Michael Raynor, director for Deloitte Research, author and professor at the Richard Ivey School of Business at the University of Western Ontario, told attendees at the NACUSO annual conference here that on the day of his battle with Goliath, the Israelites dressed David in armor and gave him a sword-which was a mistake.

Heavy Armor

"The armor was so heavy, David could hardly move," he said. "So David, who was a shepherd, took it off and armed himself with the sling he used to protect his flock. The important thing to remember is, David did not try to beat Goliath at his own game-he beat him with a sling, not a sword."

There are many examples of underdog companies triumphing over established entities in the business world, Raynor continued. He said Toyota did not attempt to be "better" than Ford or General Motors when it first started operations in the 1950s, but it did what it could. Today, Toyota is bigger than Ford and is expected to soon surpass GM.

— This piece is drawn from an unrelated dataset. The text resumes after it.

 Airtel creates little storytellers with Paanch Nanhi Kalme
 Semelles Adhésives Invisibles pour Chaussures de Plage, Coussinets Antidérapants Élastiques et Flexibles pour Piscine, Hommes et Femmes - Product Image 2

"Credit unions, if they act together, can be seen as hundreds of Davids, but they need to understand the fundamentals that allow a small company to defeat an industry giant," he said. "Look at the performance most mainstream bank customers will pay for."

Many large, successful companies have been "disrupted" by smaller competitors with business models that appeared to be inferior-with smaller markets or margins, for example. It took decades, Raynor pointed out, but Wal-Mart surpassed Sears by going after the small markets Sears disdained. The key, he said, is to find a foothold at the low end of the market, and then perform an "upward march" while not abandoning the market the business started with. "The most successful companies eventually overshoot the established companies."

Four Elements of Disruption

According to Raynor, there are four elements of disruption: identifying an "identity overshoot," or those who would accept less of something in return for a lower cost; finding a foothold in these underserved (or sometimes overserved) customers; improving what matters to these customers-and only what matters; and march "upmarket" by exploiting tradeoffs and redefining competition.

"Credit unions have innovation choices," he noted. "The challenge is to find ways to serve existing members better. Major banks are Goliath. Credit unions can pick off the customers the banks don't want. They can exploit their cost advantage or they can create a strategic advantage. Find a foothold and find ways to improve until the credit union is so good it takes away bank customers."